There is the possibility of recombining the partial difference functions arriving at the cortex in two ways.[17] It is possible to consider analysis of a second difference map - by searching for zero crossings, which was most popular until the mid-1980s. Alternatively one can sense local peaks in the first difference map, which has become increasingly popular since then. This latter then depends on finding the position of the peak of the edge image by a 3 x 1 analysis & quadratic curve fitting. In either case it has been shown that the edge position can be located to something better than 0.1 pixels because of the very broad spread of the edge due to the poor optical image, while it has also been shown that, by equally simple arithmetic, the local edge orientation can be derived to better than 1 degree. Furthermore, the interplay of first and second difference data provides very powerful means of analyzing motion, stereo, color, texture & other scene properties.

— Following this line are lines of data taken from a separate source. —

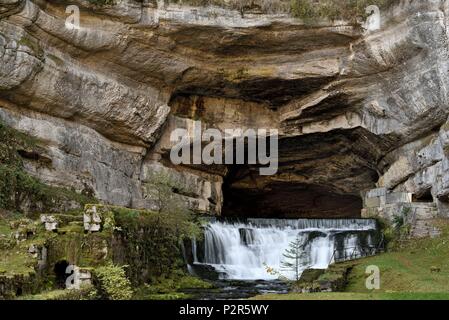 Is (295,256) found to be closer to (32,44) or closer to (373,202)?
(373,202)

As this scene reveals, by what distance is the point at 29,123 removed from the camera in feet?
90.6

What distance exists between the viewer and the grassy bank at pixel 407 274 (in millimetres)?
15438

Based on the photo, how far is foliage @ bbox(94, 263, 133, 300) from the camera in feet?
52.5

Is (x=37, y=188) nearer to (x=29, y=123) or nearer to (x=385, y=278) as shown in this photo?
(x=29, y=123)

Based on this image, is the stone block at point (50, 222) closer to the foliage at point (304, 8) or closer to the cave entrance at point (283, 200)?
the foliage at point (304, 8)

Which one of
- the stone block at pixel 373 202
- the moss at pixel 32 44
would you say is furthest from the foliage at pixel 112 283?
the stone block at pixel 373 202

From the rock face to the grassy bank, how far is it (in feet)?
13.8

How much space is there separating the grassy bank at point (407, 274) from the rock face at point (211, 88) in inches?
165

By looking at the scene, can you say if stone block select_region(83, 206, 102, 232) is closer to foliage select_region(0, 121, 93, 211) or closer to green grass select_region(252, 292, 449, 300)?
green grass select_region(252, 292, 449, 300)

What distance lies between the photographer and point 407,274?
20016 millimetres

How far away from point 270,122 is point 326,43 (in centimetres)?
598

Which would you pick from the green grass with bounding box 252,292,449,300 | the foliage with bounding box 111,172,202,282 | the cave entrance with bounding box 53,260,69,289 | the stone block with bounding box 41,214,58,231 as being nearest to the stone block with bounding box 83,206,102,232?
the stone block with bounding box 41,214,58,231

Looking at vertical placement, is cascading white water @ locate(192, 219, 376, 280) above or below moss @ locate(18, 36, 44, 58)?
below

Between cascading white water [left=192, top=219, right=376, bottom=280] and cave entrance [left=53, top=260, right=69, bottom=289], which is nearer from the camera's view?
cave entrance [left=53, top=260, right=69, bottom=289]
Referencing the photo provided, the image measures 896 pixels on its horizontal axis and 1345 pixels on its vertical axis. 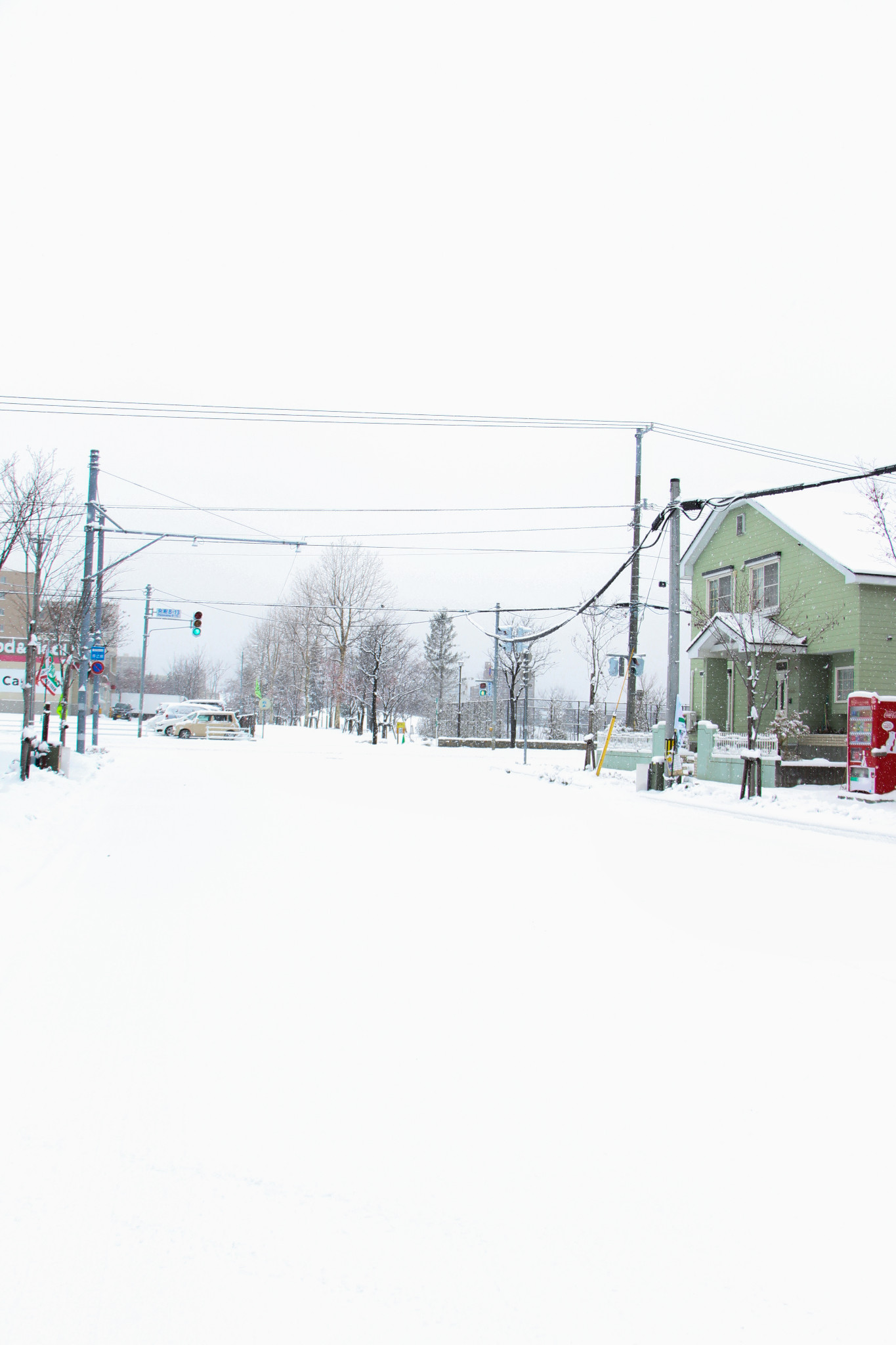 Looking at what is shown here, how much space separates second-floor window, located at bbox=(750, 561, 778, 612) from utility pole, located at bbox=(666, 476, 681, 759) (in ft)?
22.2

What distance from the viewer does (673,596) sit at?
71.1ft

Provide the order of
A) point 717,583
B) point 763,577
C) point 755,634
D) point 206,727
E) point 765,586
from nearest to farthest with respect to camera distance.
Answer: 1. point 755,634
2. point 765,586
3. point 763,577
4. point 717,583
5. point 206,727

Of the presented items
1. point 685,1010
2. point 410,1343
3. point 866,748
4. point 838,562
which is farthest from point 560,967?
point 838,562

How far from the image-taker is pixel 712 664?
31.1m

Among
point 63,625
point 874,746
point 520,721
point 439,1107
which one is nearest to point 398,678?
point 520,721

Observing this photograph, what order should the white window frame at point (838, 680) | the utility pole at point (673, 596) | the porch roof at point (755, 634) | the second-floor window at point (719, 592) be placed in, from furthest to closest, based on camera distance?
the second-floor window at point (719, 592) < the white window frame at point (838, 680) < the porch roof at point (755, 634) < the utility pole at point (673, 596)

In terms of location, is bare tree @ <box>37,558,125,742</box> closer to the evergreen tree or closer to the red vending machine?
the red vending machine

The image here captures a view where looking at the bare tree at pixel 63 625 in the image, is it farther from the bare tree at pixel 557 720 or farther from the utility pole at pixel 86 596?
the bare tree at pixel 557 720

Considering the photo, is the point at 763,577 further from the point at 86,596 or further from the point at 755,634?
the point at 86,596

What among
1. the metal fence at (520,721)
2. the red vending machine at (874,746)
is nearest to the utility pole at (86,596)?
the red vending machine at (874,746)

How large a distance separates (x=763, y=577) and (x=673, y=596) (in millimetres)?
8616

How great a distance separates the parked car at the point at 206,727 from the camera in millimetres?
42438

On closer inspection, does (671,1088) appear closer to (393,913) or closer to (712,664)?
(393,913)

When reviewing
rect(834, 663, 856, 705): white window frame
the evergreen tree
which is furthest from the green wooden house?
the evergreen tree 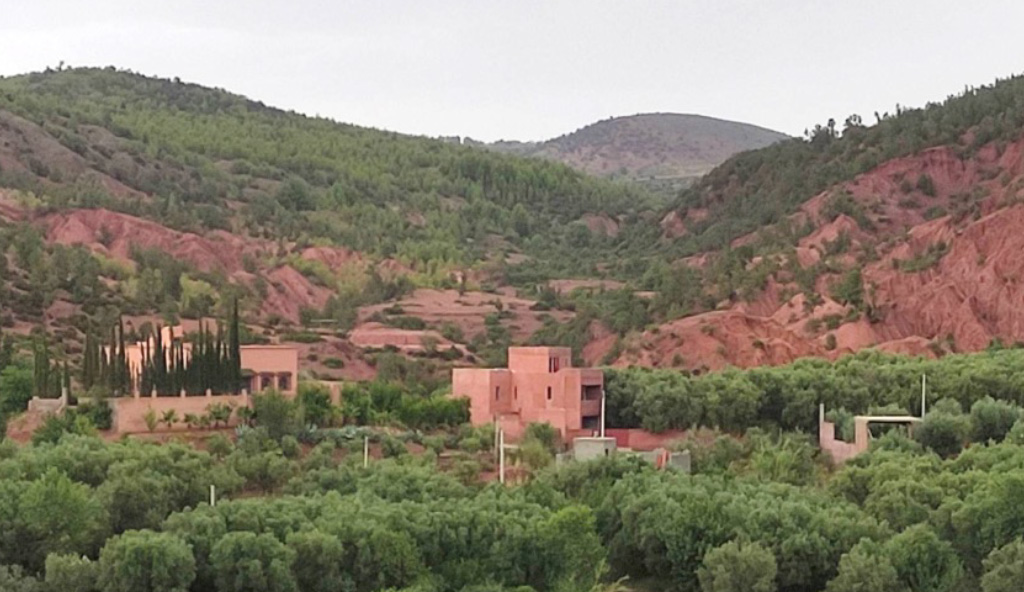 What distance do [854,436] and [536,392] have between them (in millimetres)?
8286

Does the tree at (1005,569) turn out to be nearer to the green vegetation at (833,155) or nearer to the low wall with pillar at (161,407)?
the low wall with pillar at (161,407)

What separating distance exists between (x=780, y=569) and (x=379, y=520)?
718 cm

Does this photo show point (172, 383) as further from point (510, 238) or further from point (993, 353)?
point (510, 238)

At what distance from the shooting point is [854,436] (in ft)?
152

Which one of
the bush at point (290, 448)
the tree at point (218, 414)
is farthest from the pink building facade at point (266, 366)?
the bush at point (290, 448)

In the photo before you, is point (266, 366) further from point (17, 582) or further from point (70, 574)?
point (17, 582)

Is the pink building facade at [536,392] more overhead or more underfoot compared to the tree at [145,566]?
more overhead

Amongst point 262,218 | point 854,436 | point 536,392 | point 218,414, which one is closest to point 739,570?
point 854,436

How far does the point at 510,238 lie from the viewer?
11719 centimetres

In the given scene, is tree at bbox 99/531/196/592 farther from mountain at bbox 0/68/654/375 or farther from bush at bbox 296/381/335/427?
mountain at bbox 0/68/654/375

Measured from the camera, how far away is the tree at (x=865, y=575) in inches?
1300

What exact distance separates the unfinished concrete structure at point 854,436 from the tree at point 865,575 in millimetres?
10962

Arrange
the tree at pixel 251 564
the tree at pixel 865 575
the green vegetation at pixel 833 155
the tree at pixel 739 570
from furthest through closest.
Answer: the green vegetation at pixel 833 155
the tree at pixel 739 570
the tree at pixel 865 575
the tree at pixel 251 564

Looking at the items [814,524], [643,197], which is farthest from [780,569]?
[643,197] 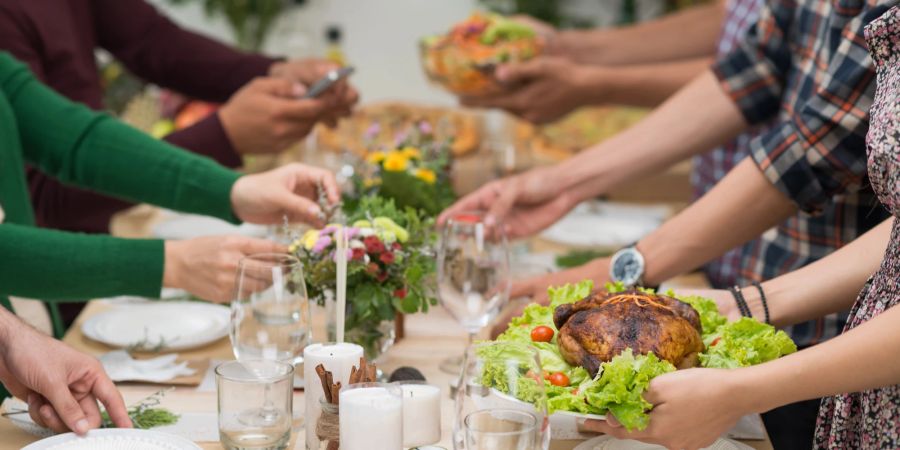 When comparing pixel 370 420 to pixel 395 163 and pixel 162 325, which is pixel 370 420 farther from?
pixel 395 163

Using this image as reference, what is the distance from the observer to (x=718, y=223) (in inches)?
68.0

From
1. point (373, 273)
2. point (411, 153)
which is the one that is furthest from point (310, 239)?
point (411, 153)

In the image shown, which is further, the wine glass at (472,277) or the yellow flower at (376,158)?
the yellow flower at (376,158)

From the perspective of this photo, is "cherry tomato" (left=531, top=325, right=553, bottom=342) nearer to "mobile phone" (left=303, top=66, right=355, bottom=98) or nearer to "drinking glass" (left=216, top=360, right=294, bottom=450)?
"drinking glass" (left=216, top=360, right=294, bottom=450)

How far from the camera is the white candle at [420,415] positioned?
4.01ft

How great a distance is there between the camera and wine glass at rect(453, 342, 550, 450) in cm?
103

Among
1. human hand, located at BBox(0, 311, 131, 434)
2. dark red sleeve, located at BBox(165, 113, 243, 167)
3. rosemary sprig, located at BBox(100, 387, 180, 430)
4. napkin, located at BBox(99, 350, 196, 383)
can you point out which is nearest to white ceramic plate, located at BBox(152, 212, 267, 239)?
dark red sleeve, located at BBox(165, 113, 243, 167)

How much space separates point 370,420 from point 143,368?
631 millimetres

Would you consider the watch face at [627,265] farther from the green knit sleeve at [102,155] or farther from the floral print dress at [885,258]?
the green knit sleeve at [102,155]

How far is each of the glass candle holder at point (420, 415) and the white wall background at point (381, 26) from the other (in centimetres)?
359

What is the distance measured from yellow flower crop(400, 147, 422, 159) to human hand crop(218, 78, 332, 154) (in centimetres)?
41

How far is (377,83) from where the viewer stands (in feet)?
16.0

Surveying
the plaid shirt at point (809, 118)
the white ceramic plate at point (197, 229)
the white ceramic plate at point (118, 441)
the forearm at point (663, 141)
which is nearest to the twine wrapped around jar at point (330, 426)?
the white ceramic plate at point (118, 441)

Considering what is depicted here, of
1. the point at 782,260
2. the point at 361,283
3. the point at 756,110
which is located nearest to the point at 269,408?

The distinction between resolving power or acuity, literally sharpness, which depends on the spacing of the individual receptors through which the outside world is sampled, and the ability to identify individual locations in the sensory space is universal among modalities. There are many other examples where the organism's performance substantially surpasses the spacing of the concerned receptor cell population. The normal human has only three kinds of color receptors in the retina, yet in color vision, by subtly weighing and comparing their relative output, one can detect thousand of hues. Braille reading involves hyperacuity among touch receptors in the fingertips.[18] We can hear many more different tones than there are hair cells in the cochlea; pitch discrimination, without which a violin could not be played in tune, is a hyperacuity.[19] Hyperacuity has been identified in many animal species, for example in the detection of prey by the electric fish,[20] echolocation in the bat,[21] and in the ability of rodents to localize objects based on mechanical deformations of their whiskers.[22]
In clinical vision tests,[23] hyperacuity has a special place because its processing is at the interfaces of the eye's optics, retinal functions, activation of the primary visual cortex and the perceptual apparatus. In particular, the determination of normal stereopsis is a hyperacuity task. Hyperacuity perimetry is used in clinical trials evaluating therapies for retinal degenerative changes.[24]